If you read any of the articles then you know, but ex-PayPallers have gone on to start some not only amazing but highly lucrative ventures. Heard of something called YouTube? Yep, started by two guys who used to work at PayPal. The same goes for staple of the internet, certainly if you live in a major city, and next Craigslist 2.0 Yelp.com. The silly sounding user generated Yellow Pages has raised tens of millions of dollars, and has the potential to shake up the local advertising the way it has quietly started to unseat Citysearch as the de facto source for area information. And, let’s not forget $20 million wealthier Slide.com and the $12.5 million in more capital LinkedIn. Both are ventures started and led by ex-PayPal. As the New York Times piece says, "Silicon Valley was largely built by networks of people and companies whose interlocking relationships help to spawn new start-ups. But the PayPal alumni have been unusually prolific, especially given the company’s modest size compared to Internet giants like Netscape, eBay and Yahoo."
Also mentioned and worth sharing the Times’ observation that "the network of PayPal alumni is unusual in that it operates a bit like a microcosm of Silicon Valley itself, and its achievements help to explain one of the enduring paradoxes of the Internet age. Even as the global network, in theory, makes it easier for innovation to happen anywhere, most blockbuster Internet successes continue to be born and bred in Silicon Valley." It comes down to face time. You can have a great idea, but when you spend your time with a person worth hundreds of millions of dollars and others who have skill necessary to create something worth as much, the likelihood of starting something and having it garner the right attention is exponentially higher. You have an all-star team that has the talent, drive, resources, and perhaps as importantly, the trust in each other from doing it together previously. So what does all of this have to do with Web 3.0? Google.

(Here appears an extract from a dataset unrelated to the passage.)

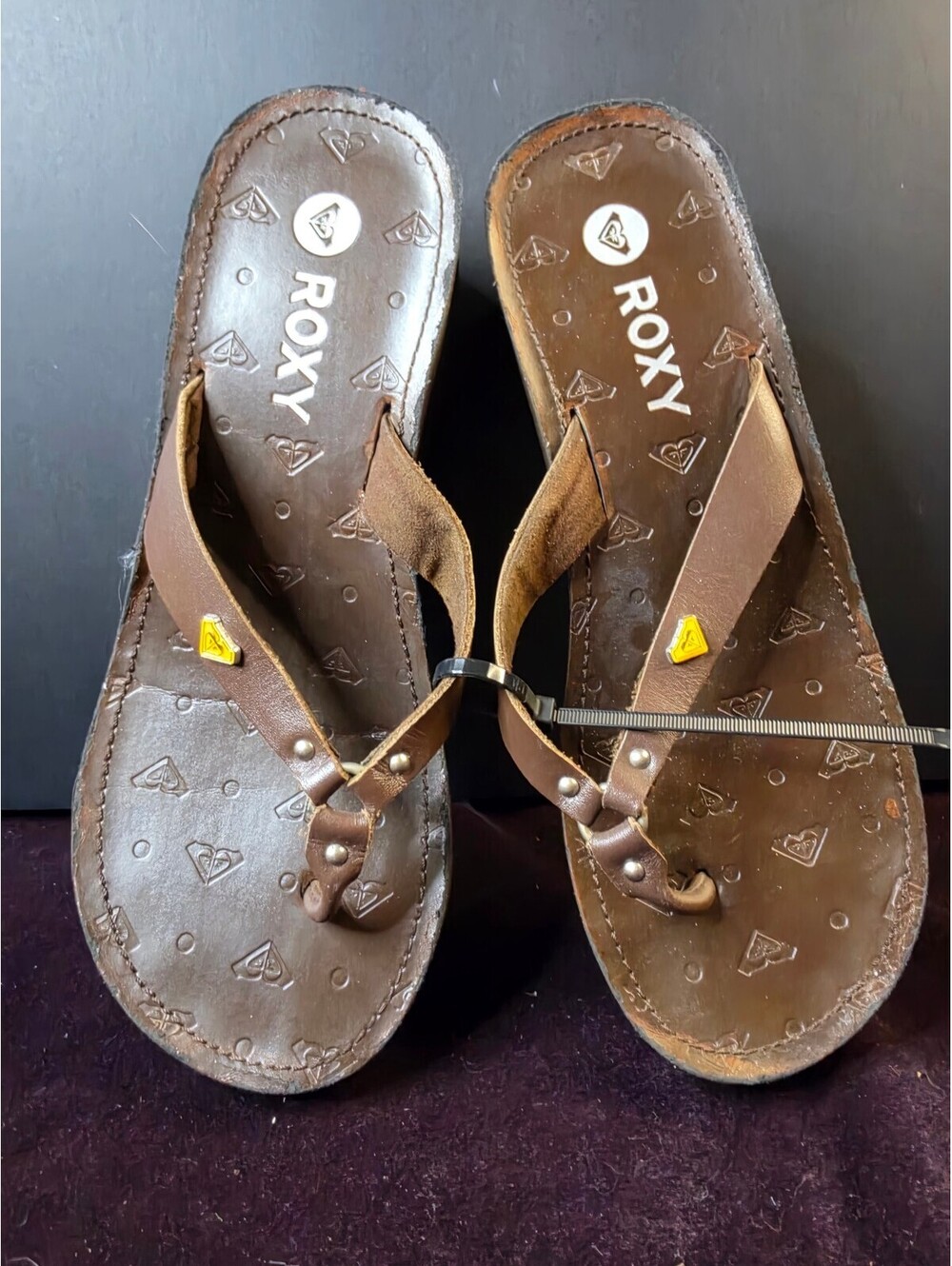 Roxy Brown Leather Platform Flip Flop Sandals Size 9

At more than 10,000 people, Google has ten times the number of employees PayPal did. As someone remarked, you can only have so many Einstein’s trying to work together before you run into a problem. No big organization, no matter how great, can provide the same feeling of accomplishment and personal satisfaction that working for a smaller organization can. It’s not wonder Google offers such legendary perks. It helps retain by constructing a huge barrier to exit, like going from playing Augusta as your regular golf course to playing the local muni with its six hour rounds and soggy hotdogs. Sure, you might get more, say, in what you do if you go on your own, but (and insert any positive thing about being a member of the world’s biggest and best tech fraternity).
Despite the current hype and concern over our being in another bubble, that Google exists almost guarantees the next bubble, even if our current internet economy has a hiccup. If Yelp can be started because of a lunch gathering of ex-PayPal employees discussing how hard it is to find a dentist, only to have a former co-founder of PayPal commit $1 million to a site to share user reviews and another ex-coworker to help with the formal investor presentation, just imagine what some of the world’s smartest will decide to solve and how they might solve it when their time comes. Even with the perks and the soaring stock, word of success travels fast, and at a point, no amount of convenience and pampering can stand in the way of human nature and the chance to create the next YouTube.
While no billion dollar acquisitions have occurred in the direct marketing space, what has played out at PayPal has played out in our space on a smaller scale. Besides their being a decent amount of cross-pollination among companies, more than a few of some very successful startups in the performance space got their start from an ex at a Nextag, Adteractive, Quinstreet, etc. The trend will continue, and it’s potentially only a good thing. PayPal is a well run company and succeeds even after its initial team of founders and executives have left. Unlike PayPal, the Googlers who depart will most likely not have the benefit of collaborating with the founders, and many most likely did not know each other prior to joining the search behemoth. Still, with that caliber of talent, the cache of their work experience, and a pool of more than one thousand millionaires, some of those people and some of that money will go on to give the rest of us either new places to advertise and/or places to waste our time.